T Tseng*, R Sheu , S Green , S Sharma , K Dharmarajan , Y Lo , Mount Sinai Medical Center, New York, NY


(Sunday, 7/14/2019)  

Room: ePoster Forums

Purpose: To evaluate the reproducibility and immobilization effectiveness of two clinically-used frameless systems in single fraction cranial stereotactic radiosurgery.

Methods: The two different frameless immobilization systems are under study: 1) open-face mask (OFM)-Encompass SRS Fibreplast (Qfix) and 2) closed-face mask (CFM)-Brainlab frameless system (Brainlab). The study was performed involving 29 OFM patients (40 isocenters) initially setup with the optical surface management system (OSMS, Varian) and 26 CFM patients (39 isocenters) initially setup with the ExacTrac infrared array system (IR, Brainlab). Initial setup was followed by ExacTrac kV imaging to shift patients to treatment position with 6D robotic couch based on automated bony anatomy matching. Intrafraction motion was corrected with ExacTrac kV imaging at each planning couch angle. The shifts for initial setup and intrafraction motion were collected to compare the reproducibility and immobilization effectiveness of both systems. Two-tailed t-test was applied for statistical significance comparison.
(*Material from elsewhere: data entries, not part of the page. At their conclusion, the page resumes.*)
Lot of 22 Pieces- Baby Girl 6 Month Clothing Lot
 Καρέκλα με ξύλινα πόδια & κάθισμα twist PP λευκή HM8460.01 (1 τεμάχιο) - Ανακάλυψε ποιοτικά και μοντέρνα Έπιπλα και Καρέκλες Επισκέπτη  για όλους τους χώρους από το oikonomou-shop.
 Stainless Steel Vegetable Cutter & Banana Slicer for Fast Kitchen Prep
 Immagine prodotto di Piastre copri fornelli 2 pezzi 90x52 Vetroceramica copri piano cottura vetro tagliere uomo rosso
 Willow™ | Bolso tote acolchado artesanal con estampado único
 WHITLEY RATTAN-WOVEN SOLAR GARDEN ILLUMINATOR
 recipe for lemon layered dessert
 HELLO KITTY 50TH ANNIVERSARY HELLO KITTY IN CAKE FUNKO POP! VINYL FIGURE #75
Results: The correctional radial shifts (mean±STD, median) of initial setup for OFM+OSMS and CFM+IR measured by ExacTrac were 4.85±2.19mm, 4.49mm and 2.11±1.42mm, 1.72mm, respectively (p<0.001). To achieve sub-millimeter/sub-degree accuracy, OFM+OSMS more often succeed with initial setup and no shifts were required compared to CFMIR (<1mm shifts in Lat-50% vs. 25.6%, Long-60% vs. 38.5%, Vert-75% vs. 10.3%, Pitch-85% vs. 71.8%, Roll-67.5% vs.66.7% and Yaw-60% vs. 76.9%). Intrafraction motion radial shifts (mean±STD, median) for OFM+OSMS and CFM+IR were 0.79±0.30mm, 0.77mm and 0.79±0.48mm, 0.72mm, respectively (p=0.903). Intrafrational shifts (>1mm, >1degree) were required for 6.3% of the OFM+OSMS patients and 5.7% of the CFM+IR patients.

Conclusion: With the assistance of OSMS system, open face mask was able to achieve better initial setup accuracy that reproduced simulation position compare to closed mask and infrared array alignment. However, both frameless mask systems were able to achieve similar immobilization effectiveness during treatment and only few intrafractional shifts need to be applied.